Data Validation and Visualisation
High-quality data is the precondition for analysing and using big data and for guaranteeing the value of the data. This module, introduces the data quality challenges faced by big data. It will present tools and techniques employed to ensure data quality from data collection and computational procedures to facilitate automatic or semi-automatic identification and elimination of errors in large datasets. The module also introduces the topic of understanding and interpreting data through descriptive statistical methods. This will be achieved through a range of techniques such as Statistical metrics, Univariate analysis and Multivariate analysis. Students will develop the knowledge to assess the quality of the data and the skills necessary to perform appropriate data cleaning operations. In addition, students will have an understanding of processing data and interpreting and visualising results.
Machine Learning and Data Modelling
This module covers Machine Learning both conceptually and practically. Students will be introduced to a variety of unsupervised and supervised Machine Learning techniques. Once the core concepts have been introduced they will be given practical experience of their use, application and evaluation through laboratory exercises and a project. The students will develop an in-depth understanding of the potential and scope of applying and evaluating the different forms of Machine Learning. This will allow them to develop a range of applications from simple practical implementations to large scale implementations.
Data Science Foundations
The focus of this module is to present an understanding of key data science concepts, tools and programming techniques. Within the arena of data science, the theory behind the approaches of statistics, modelling and machine learning will be introduced emphasising their importance and application to data analysis. The notion of investigative and research skills will also be introduced through a number of problem solving exercises. Material covered will be contextualised by providing examples of the latest research within the area.

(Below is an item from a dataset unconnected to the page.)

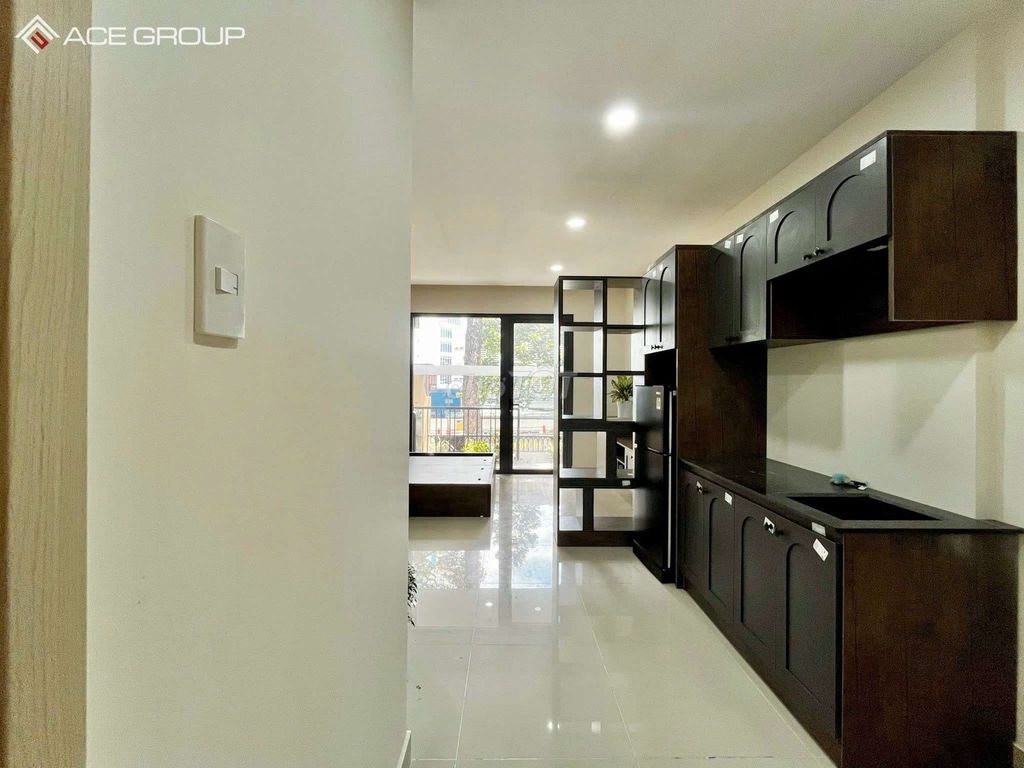 Rent the apartment. 50 M2 bedrooms have garden yards near the hcm economy.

Students will also be introduced to programming with Python / R. They will learn the basics of syntax, and how to configure their development environment for implementation and testing of algorithms related to data science.
This module aims to contextualise the role of Business Intelligence (BI) and why we need BI systems. A particular focus will be on how to turn already stored data into valuable information and why this is important. Vast amounts of data regarding company's customers and operations is routinely collected and stored in large corporate data warehouses. This data can be of immense value if properly analysed. Students will explore techniques and tools for data analysis, and presentation of the results to non-technical and managerial staff, in alignment with business strategies. Big Data technologies do offer BI although however, they are open to certain ethical and consent issues along with risks. These will be analysed, reviewed and evaluated.

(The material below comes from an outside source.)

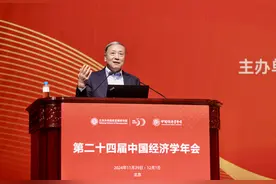 蔡昉：未来人力资本竞争将变为人类和人工智能之间的竞争，智商、情商会越来越重要图片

Big Data and Infrastructure
Within this module a variety of database and data storage paradigms will be explored, ranging from more traditional relational systems to NoSql and object stores, time series databases, semantic store and graph stores.

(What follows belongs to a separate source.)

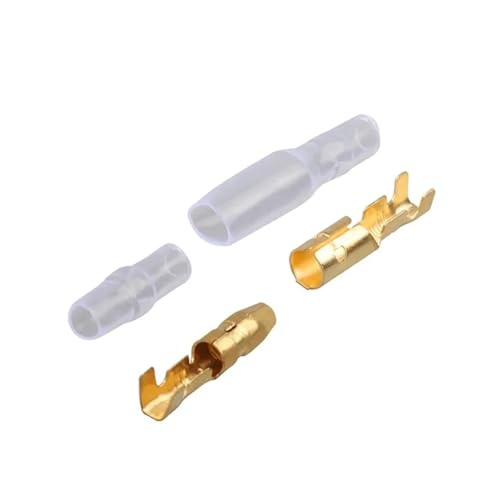 Cosses à sertir de 4 mm pour restaurer l'électricité des voitures de collection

Consideration will be given to big data and the problem with storing and querying high volumes of highly variable data which is stored and processed at a high speed. The cloud computing paradigm will also be introduced and how to avail of its power and resources.
The core concepts of distributed computing will be examined in the context of Hadoop. Students will be taught, practically and theoretically, about the components of Hadoop, workflows, functional programming concepts, use of MapReduce, Spark, Pig, Hive and Sqoop.
Statistical Modelling and Data Mining
This module first provides a systematic understanding to probability and statistics. It then provides an in depth analysis of the statistical modelling process and how to answer hypothesised questions. Next, the module provides a synthesis of the concepts of data mining and methods of exploring data. The content will be delivered and experienced through lectures, seminars and practical exercises using tools, such as, Python, R and Weka. Online tools, such as Blackboard will be used to facilitate blended learning approach. On completing this module, students will be able to compute conditional probabilities and use null hypothesis significance testing to test the significance of results, and understand and compute statistical measures such as the p-value for these tests. Students will apply, evaluate and critically appraise this knowledge in a range of complex real world contexts.
Masters Project (Research)
The aim of the project is to allow the student to demonstrate their ability in undertaking an independent research project for developing theoretical perspectives, addressing research questions using data, or analysing and developing real world solutions. They will be expected to utilise appropriate methodologies and demonstrate the skills gained earlier in the course when implementing the project.
As part of the project development activity they will be required to extract and demonstrate knowledge from the literature in an analytic manner and develop ideas and appropriate analytical models. This may involve the collection of primary or secondary data and the qualitative or quantitative analysis of the data. This will typically be followed by a structured analysis of needs for a realistic application or actual organisation and identification and application of tools/techniques required to deliver a well formed solution. Through the project the student will develop capabilities to analyse cases studies related to data science and/or business intelligence, and create improvement plans and recommendations for their implementation based upon the tools/technologies experienced during the programme of study.
In summary the masters project represents a piece of work performed by the student under suitable staff supervision which draws both from the practical and creative nature of a problem solving project and the traditional, scholarly exposition of an area of study. The content of the work must be original and contain a critical appraisal of the subject area.